The possibility of Michael Steele leading the RNC has much to recommend it. Those of us who supported Mr. Steele like and admire him, not because he’s “clean and articulate” but because he is a man of courage and the epitome of grace under fire. Mr. Steele deserves a prominent place in the national GOP. I’m just not sure that the head of the RNC, at this time, is that place.

There is a war in the GOP brewing over what to do now that we’ve lost in two election cycles. One side, mine, says we sacrificed our competitive advantage when our elected officials became more concerned with aggrandizement of power than with principle. The other, probably best epitomized by David Brooks in Tuesday’s New York Times. Broadly read, Mr. Brooks advocates remaking the GOP as sort of Democrats-Lite. Quite honestly, I don’t think 2006 or 2008 told us much more than going to the polls with an unpopular president while in the midst of an unpopular war or financial crisis is not a good evolutionary strategy for a political party. In fact, the election results of last Tuesday don’t indicate that conservative (or as Mr. Brooks would have it, Traditionalist) issues are an electoral loser. Prop 8, for instance, won in California despite California going easily to Obama.

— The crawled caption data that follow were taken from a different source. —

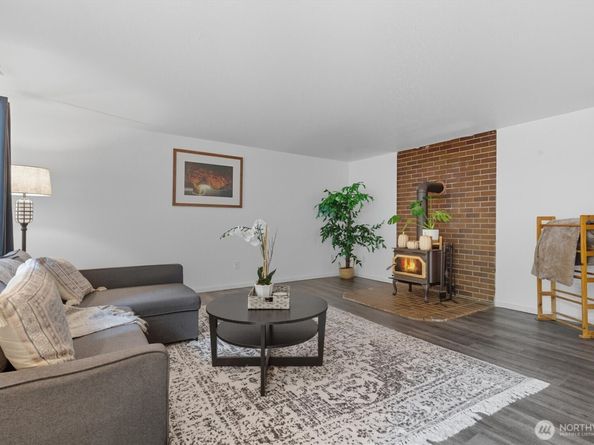 1210 NW Huckle Drive, Bremerton WA 98311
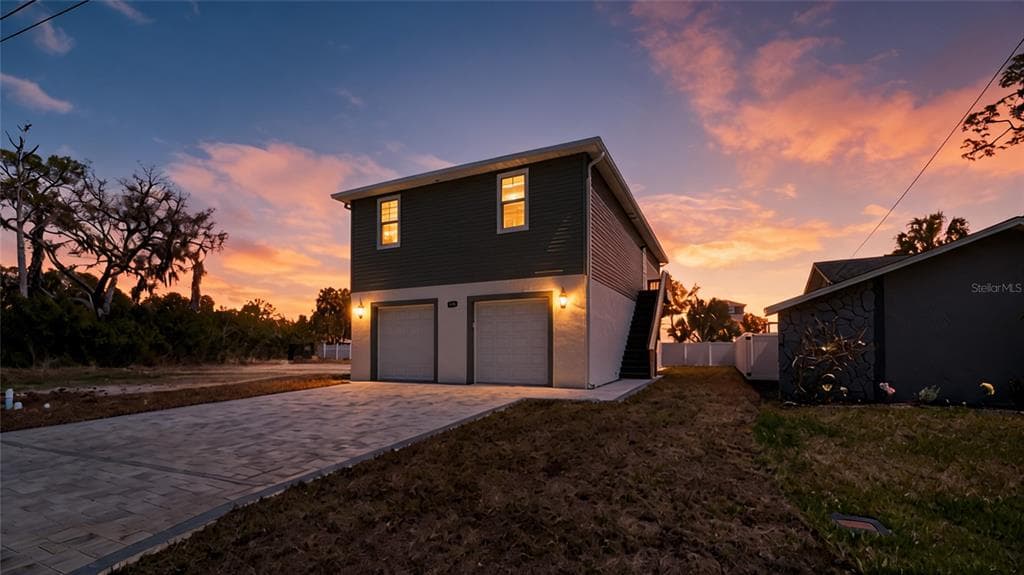 5050 OAK LEAF LANE HERNANDO BEACH, FL 34607
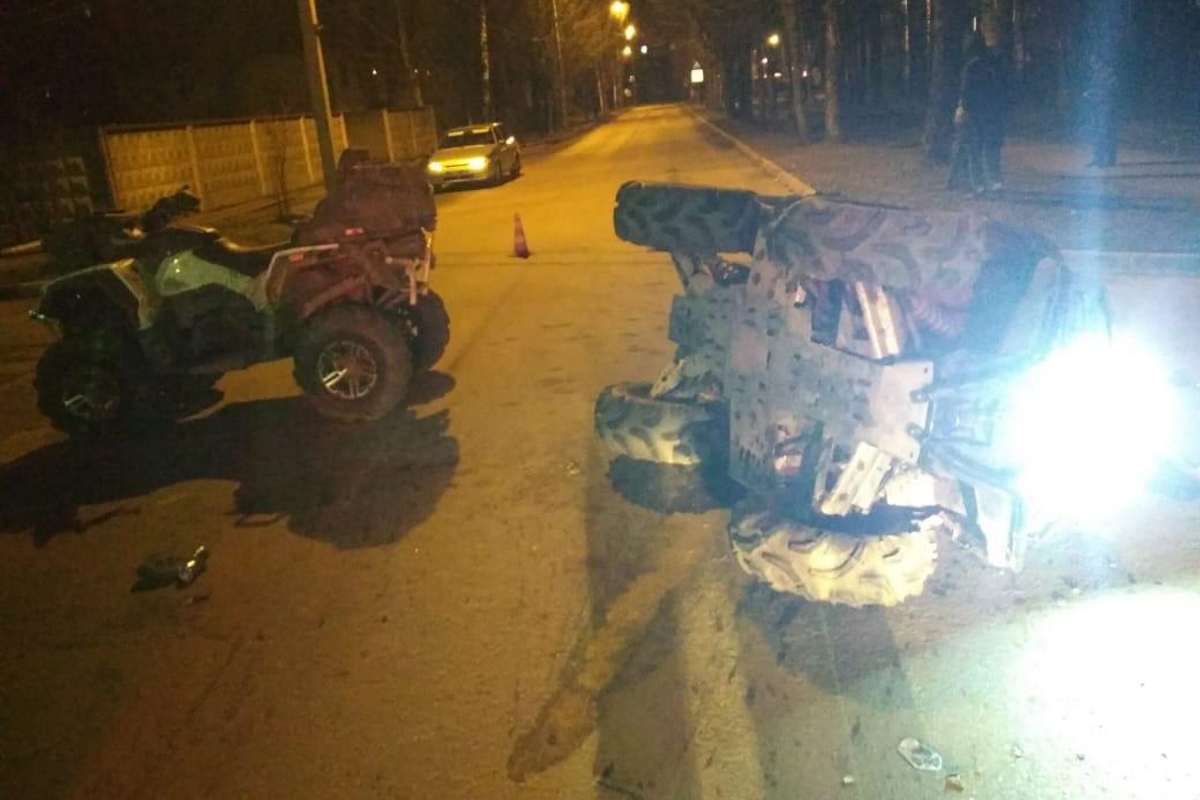 Два человека госпитализированы после аварии с квадроциклами в Нелидово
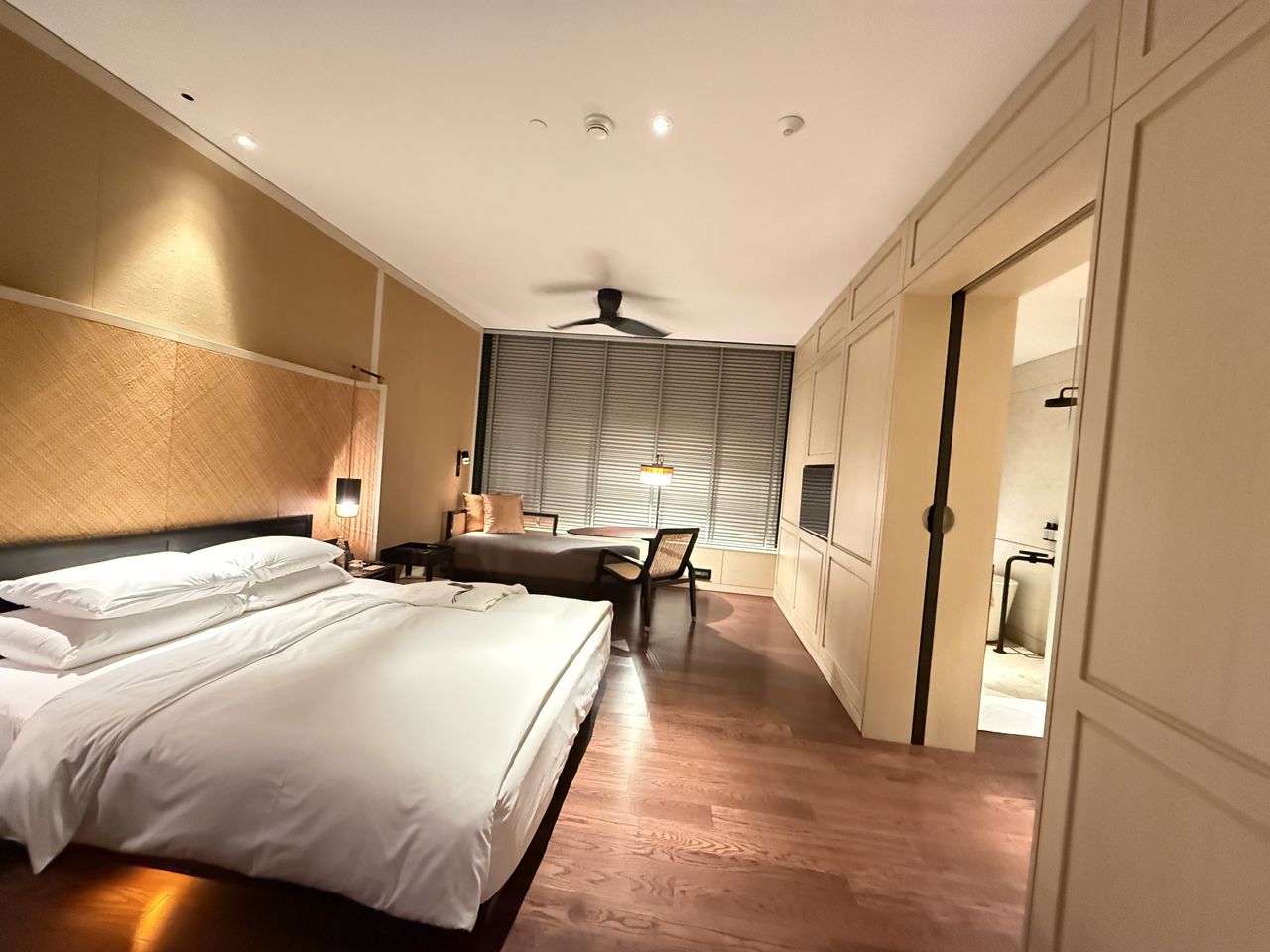 Siap untuk menginap di kota Kuala Lumpur yang memukau? 🌆 Baik Anda mengejar belanja barang-barang desainer, prasmanan mewah, atau sekadar swafoto "Saya bangun seperti ini" yang sempurna di suite mewah, The RuMa Hotel and Residences dan Imperial Lexis Kuala Lumpur menawarkan pilihan yang sangat mengesankan tepat di jantung kota. Nikmati akses mudah ke KLCC, Pavilion KL, dan berbagai atraksi kota—ditambah interior yang memukau yang akan mempercantik unggahan Anda! ✨

The RuMa Hotel and Residences (7, Jalan Kia Peng, Kuala Lumpur, 50450 KL)
Keunggulan: Kamar-kamar yang cantik dan siap untuk diunggah ke Instagram, fasilitas yang sempurna, dan staf yang sangat ramah membuat masa inap Anda lancar dari saat check-in hingga check-out. Para pelancong menyukai lokasinya yang tak tertandingi—hanya beberapa langkah dari pusat perbelanjaan ternama—dan staf selalu tampak senang membantu.

Tip: Pesan tempat mewah favorit Anda tanpa repot dengan trip.com untuk penawaran terbaik (dan konfirmasi instan)! Saat merencanakan itinerary KL Anda, padukan kegiatan belanja dengan foto pemandangan kota, koktail di rooftop, dan bersantai di tepi kolam renang.

#KualaLumpur #HotelMewah #TipsPerjalanan #HotelKL #tripdotcom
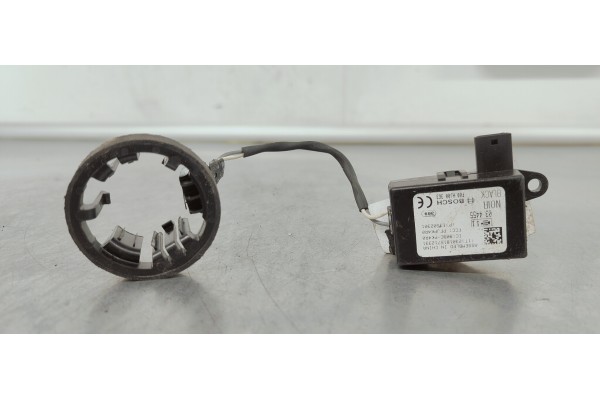 Recambio de centralita inmovilizador para opel insignia berlina 2.0cdti 130 fap referencia OEM IAM 13502301  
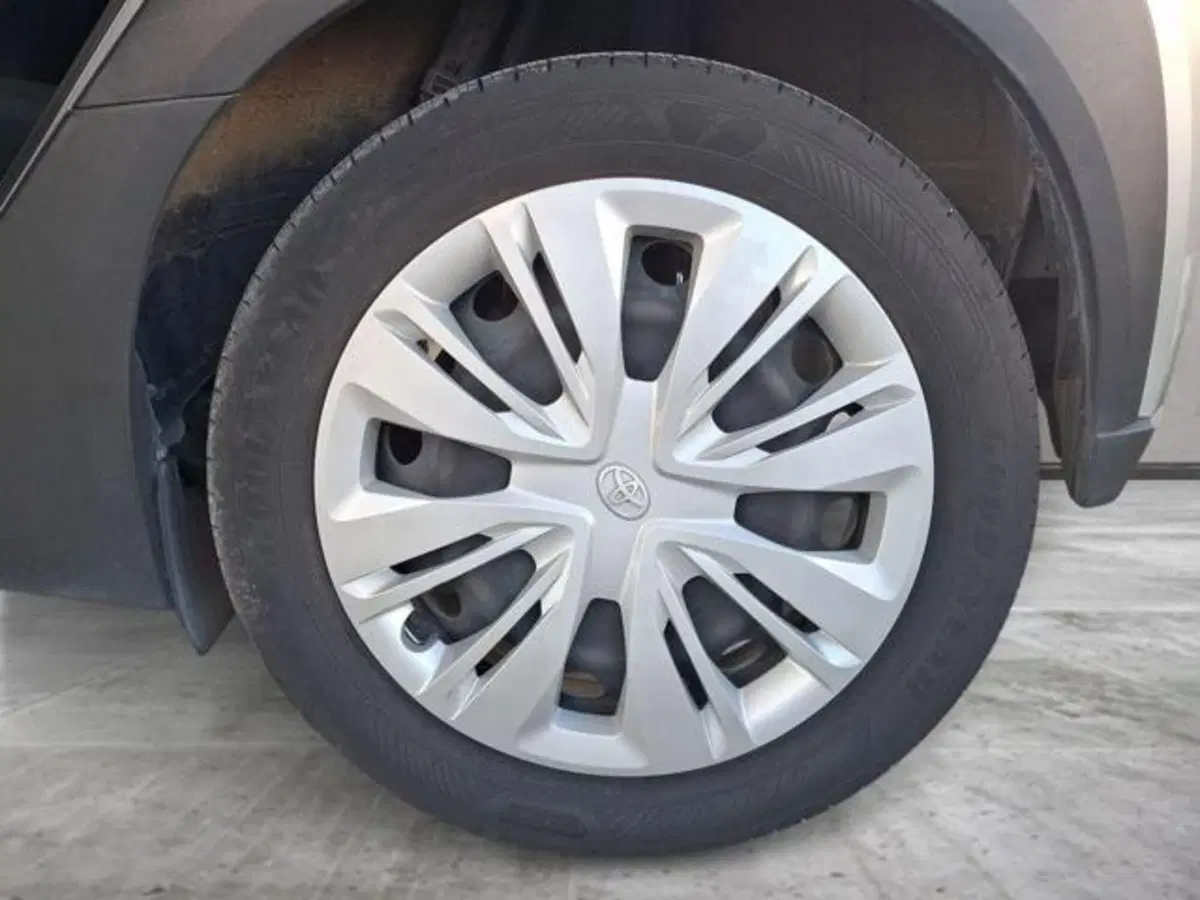 Toyota Aygo X usata a Roma (14)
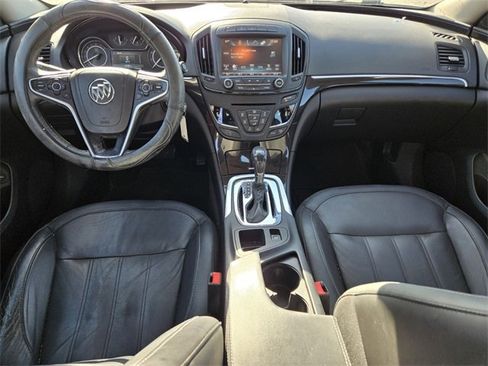 Used 2016 Buick Regal image 9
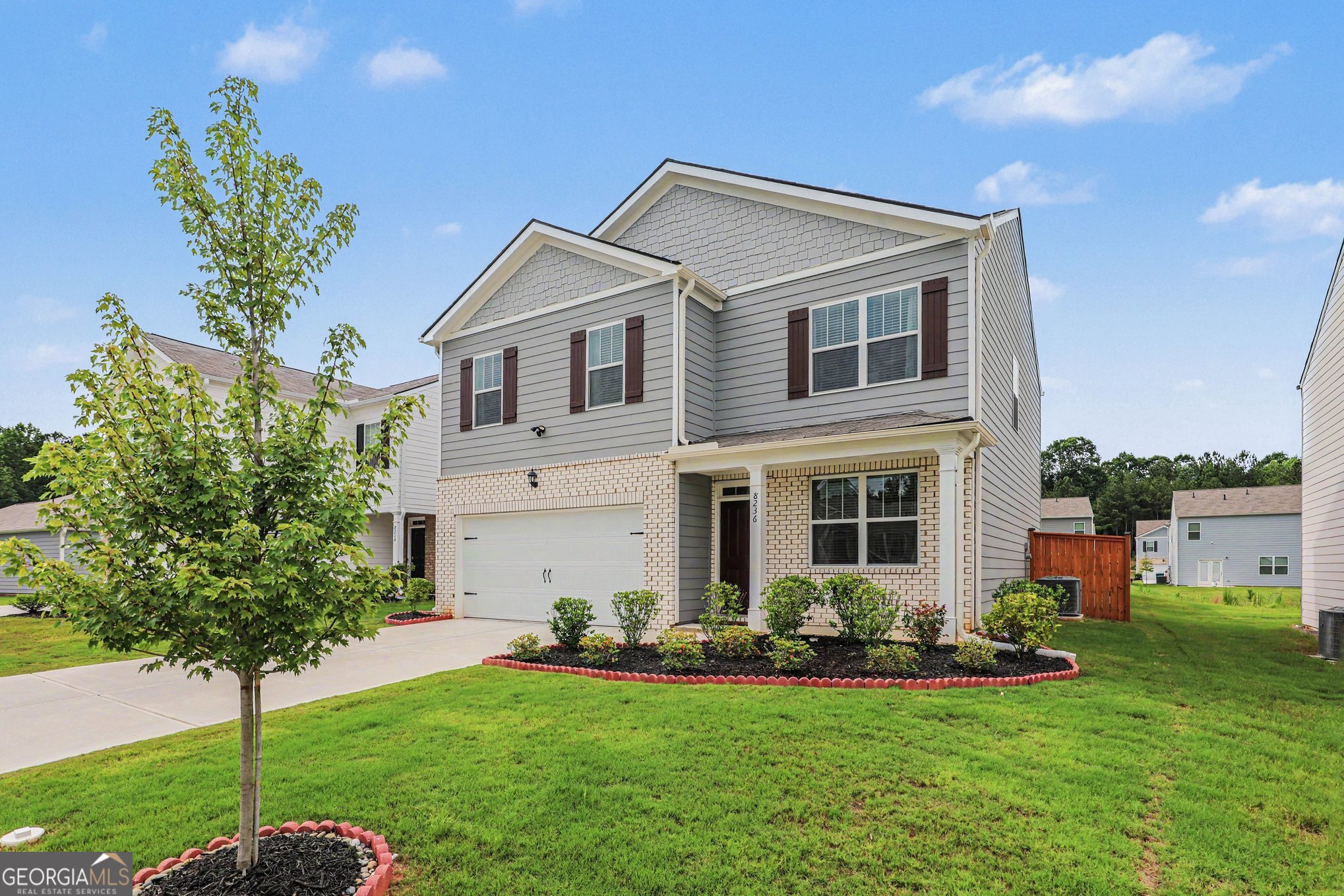 8236 Castleton Drive Fairburn, GA 30213 - Photo 1 of 35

Whoever leads the RNC will be at Ground Zero of this struggle. In that regards, Mr. Steele’s potential election to the RNC gives me pause.

He is a founding member, along with John Danforth and Christine Todd Whitman, of the Republican Leadership Council. Those two names alone tells the average conservative just about anything they need to know about the group but a look at its “Partners” is even more troubling. Planned Parenthood Republicans for Choice. Republicans for Choice. Republican Majority for Choice. Log Cabin Republicans. Republican Main Street Partnership. While no one is advocating purging these groups, I think even these groups would admit that they exist because they represent viewpoints which are outside the mainstream of the GOP as expressed by our national platform.

Mr. Steele’s stated opinions place him comfortably in that part of the party occupied by Olympia Snowe, Susan Collins, and his co-founders of the RLC.

While we and the Dems need a coalition to win, in the final analysis we must stand for something. For the GOP, we must spend some period of time defining what that something is. In my view, to quote Jim Hightower, there is nothing in the middle of the road but yellow stripes and dead armadillos. Mr. Steele is probably the most conservative candidate we could reasonably run on the Atlantic seaboard from Maryland north and we need to recruit more like him to run for office. But, in my view, Mr. Steele is not the man we need at the helm of the RNC during the next two years.